L’ultima considerazione riguarda il futuro della viticoltura siciliana. In assoluta controtendenza, recunu, cutrera e rucignola vengono benissimo in territori aridi, bruciati dal sole e vocati per i vini rossi (nero d’Avola e frappato). Una scoperta che potrebbe aiutare non solo a fronteggiare il clima ma anche ad incrociare l'attuale tendenza del mercato verso il consumo di vini bianchi e spumanti.

Sicilia, terra di bianchi

«La Sicilia è una bellissima terra di bianchi», conferma Di Grazia. «Pensiamo al Marsala fatto con l’Insolia. Mio papà mi spingeva a piantare nero d’Avola e frappato ma io dicevo no, qui a Licodia dobbiamo mettere i bianchi. Qualche autorevole produttore della zona del Cerasuolo di Vittoria (denominazione nella quale ricade l'azienda, ndr) ha provato a farmi cambiare idea.
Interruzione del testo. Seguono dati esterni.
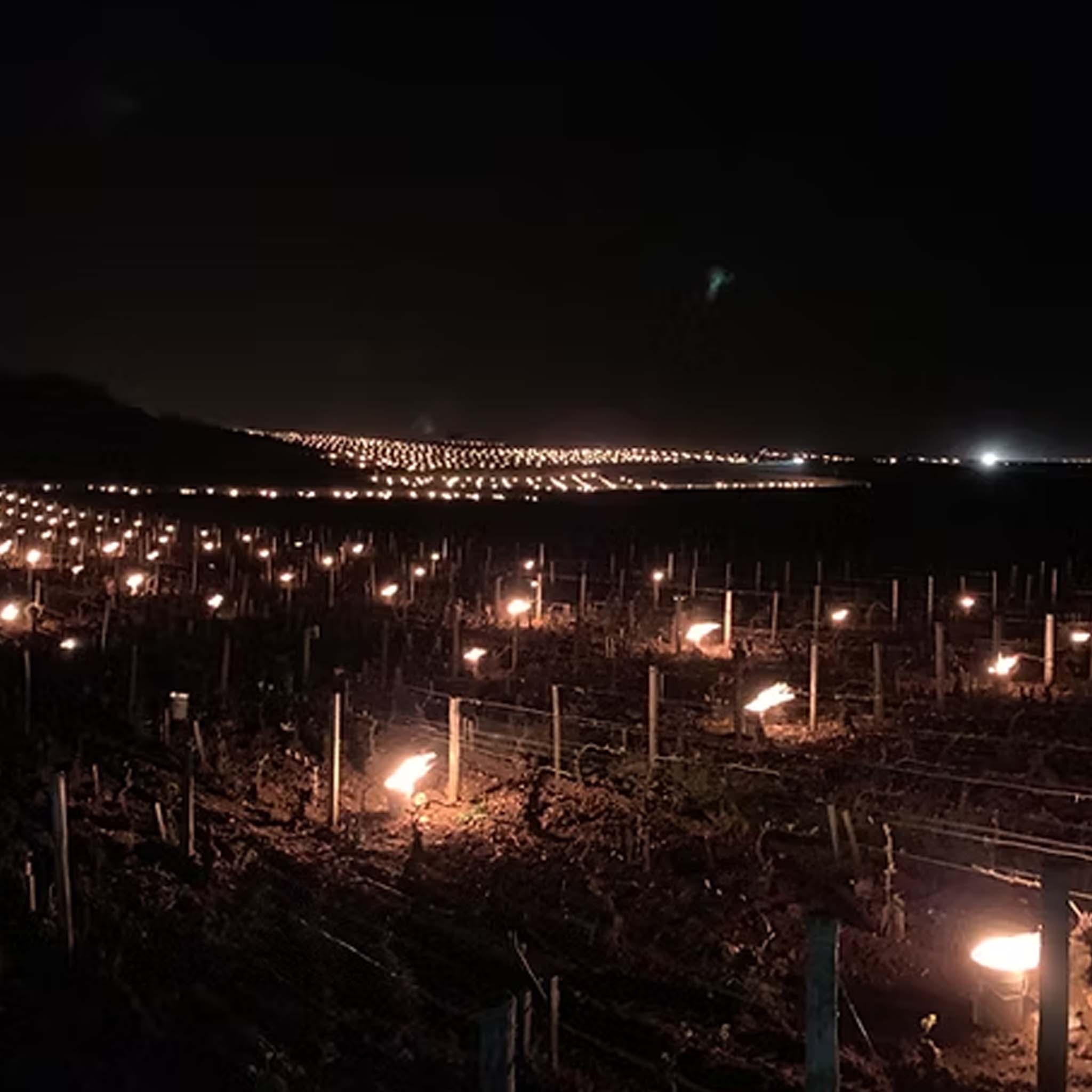 Caroline Morey Chassagne Montrachet 1er Cru Champs Gains Blanc 2023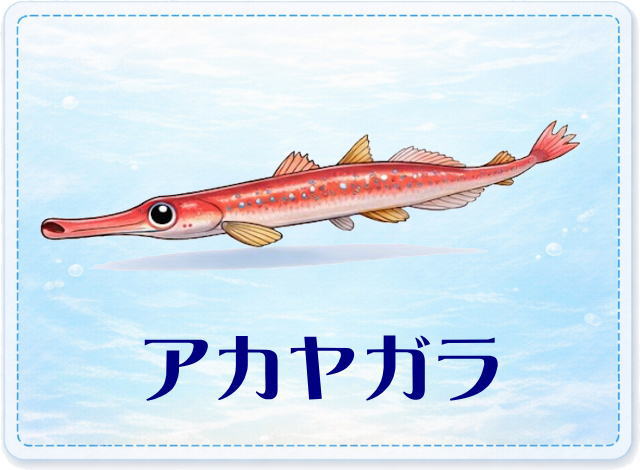 さかな占い_アカヤガラ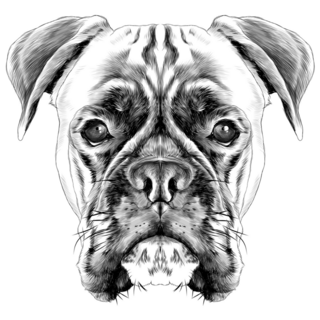 Detailed Boxer Sketch Sticker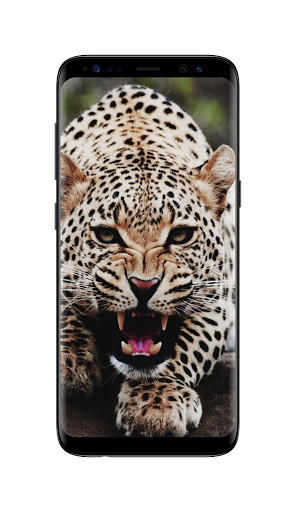 Run android online APK Leopard Live Wallpaper from MyAndroid or emulate Leopard Live Wallpaper using MyAndroid Run android online APK Leopard Live Wallpaper from MyAndroid or emulate Leopard Live Wallpaper using MyAndroid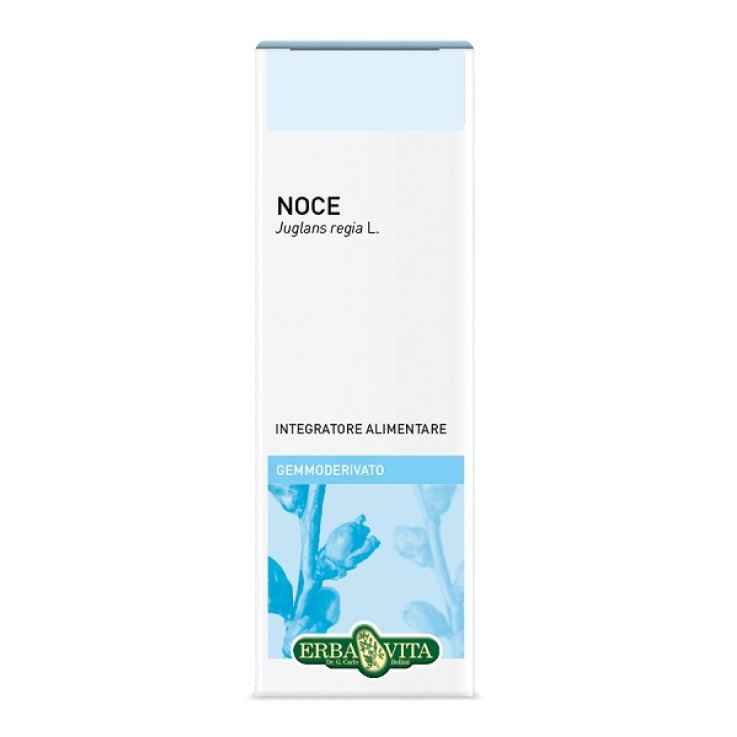 GEMMODERIVATO Noce 50ml EBV GEMMODERIVATO Noce 50ml EBV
Certo, in Sicilia abbiamo rossi caldi eccezionali come il nero d’Avola, il syrah e il cabernet. Ma il bianco ti stupisce, ha complessità ed eleganza e lo bevi tutto l’anno. Qui fa troppo caldo, perché devo fare un rosso dove non riesco a controllare l’alcol? Un nero d’avola da 14,5 gradi di alcol non lo bevo più. Ora devi andare su 12,5».

Il futuro dei vitigni reliquia

Quindi i vitigni reliquia sono i vitigni del futuro? «Certo - conferma - bisogna avere un occhio al passato per cambiare il futuro. Ho cominciato a fare il cantiniere a 17 anni, in Sicilia c’è troppa confusione, troppi vitigni da tutte le parti e fai un gran casino. Nella zona di Marsala - ironizza Angelo - puoi fare la spesa di vitigni». E invece? «Invece dobbiamo dare voce a ciò che era rimasto nell’ombra. Noi abbiamo creduto poco alle nostre caratteristiche e abbiamo voluto internazionalizzare. Ora bisogna cambiare. Mettiamo le uve reliquia in bottiglia, anche quelle rosse. È un progetto rischioso da far conoscere ai giovani. Bisogna uscire dalla comfort zone. La Sicilia è terra di bianchi ». Meglio ancora se sono uve reliquia.